The results of the quality assessment of the RCTs included are presented in Table 3 . Only one study met all the criteria described in the Cochrane Collaboration tool for assessing risk of bias in RCTs. No articles cited had followed the recommendations of the CONSORT statement for conducting the RCT.
|Authors (year)||Adequate sequence generation||Allocation concealment||Blinding||Incomplete outcome data addressed||Selective outcome reporting||Free of other sources of bias|
|Graziani et al. (2006)||Yes||Yes||Yes||Yes||Yes||Yes|
|Grossi et al. (2007)||Unclear||Yes||Unclear||Yes||Yes||Unclear|
|Deo and Shetty (2011)||Unclear||Unclear||Unclear||Yes||Yes||Unclear|
|Majid and Mahmood (2011)||Yes||Yes||Partial||Yes||Yes||Unclear|
|Nair et al. (2013)||Yes||Yes||Unclear||Yes||Yes||Unclear|
|Warraich et al. (2013)||Unclear||Unclear||Unclear||Yes||Yes||Unclear|
|Ehsan et al. (2014)||Unclear||Unclear||Unclear||Yes||Yes||Unclear|
For the assessment of oedema, the studies performed measurements of the facial contour using pre-established points of reference ( Table 4 ).
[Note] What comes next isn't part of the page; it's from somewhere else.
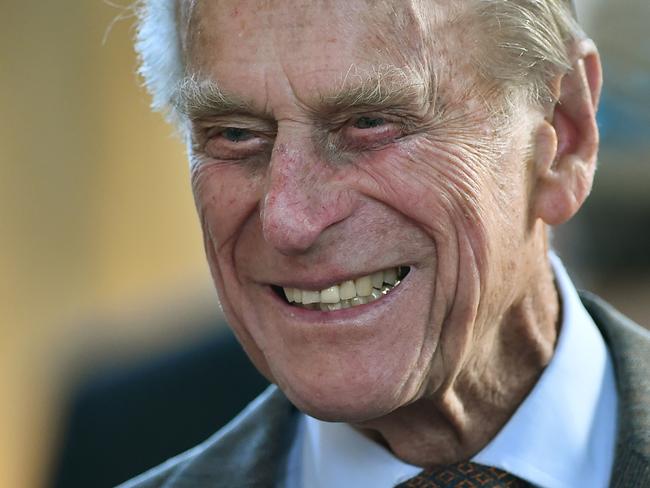 (FILES) In this photograph taken on April 9, 2014, Britain's Prince Philip, Duke of Edinburgh smiles as he meets members of the Royal College of Organists to commemorate their 150th anniversary at St. George's chapel at Windsor Castle in Windsor west of London. Prince Philip, the 96-year-old husband of Queen Elizabeth II, has been admitted to hospital as a "precautionary measure" for treatment of an infection, Buckingham Palace said on June 21, 2017. The infection arose from "a pre-existing condition", the palace said. The Duke of Edinburgh, who is to retire from public duties later this year, was admitted to hospital on Tuesday night.  / AFP PHOTO / POOL / BEN STANSALL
Six studies provided data appropriate for meta-analysis. The random-effects model was used given the considerable heterogeneity found ( I 2 = 87%; P < 0.00001). The meta-analysis presented a MD of −2.20 (95% CI −2.70 to −1.70), with a statistically significant difference in favour of dexamethasone ( P < 0.00001) ( Fig. 2 ).
|Authors (year)||Day of measurement (early)||Method of assessment||Comparison groups, mm||P -value|
|Graziani et al. (2006)||2||Facial measurements: from the corner of the mouth to the attachment of the ear lobe following the bulge of the cheek and from the outer canthus of the eye to the angle of the mandible||NR
|Grossi et al. (2007)||2||Facial measurements: from tragus to the corner of the mouth and from tragus to pogonion||G1: 2.7 ± 0.1
G2: 5.0 ± 0.1
G3: 7.9 ± 0.45
|Deo and Shetty (2011)||2||Facial measurements: from tragus to corner of mouth, tragus to pogonion, and mandibular angle to ala of the nose||G1: 3.96 ± 1.33
G2: 8.47 ± 2.27
|Majid (2011)||3||Facial measurements: from tragus to midline and from gonion to lateral canthus using a tape measure||G1: 0.5 ± 0.5
G2: 2.3 ± 0.9
|Majid and Mahmood (2011)||3||Facial measurements: from tragus to midline and from gonion to lateral canthus using a tape measure||G1: 0.5 ± 0.6
G2: 2.4 ± 0.9
|Nair et al. (2013)||2||Facial measurements: tragus, pogonion, and the corner of the mouth||G1: 111 ± 5.79
G2: 115 ± 6.61
|Warraich et al. (2013)||2||Facial measurements: from tragus to midline and from gonion to lateral canthus using a 3D optical scanner||NR
|Ehsan et al. (2014)||2||Facial measurements: from earlobe to corner of the mouth and from outer canthus to angle of the mandible||G1: 11.3 ± 0.6
G2: 12.9 ± 0.79
To assess trismus, all studies measured the inter-incisal distance at maximum opening before and after surgery ( Table 5 ). Six studies provided data appropriate for meta-analysis. The random-effects model was used given the considerable heterogeneity found ( I 2 = 94%; P < 0.00001). The meta-analysis presented a MD of −2.92 (95% CI −7.13 to 1.29) and showed no statistically significant difference between the groups analysed ( P = 0.17) ( Fig. 3 ).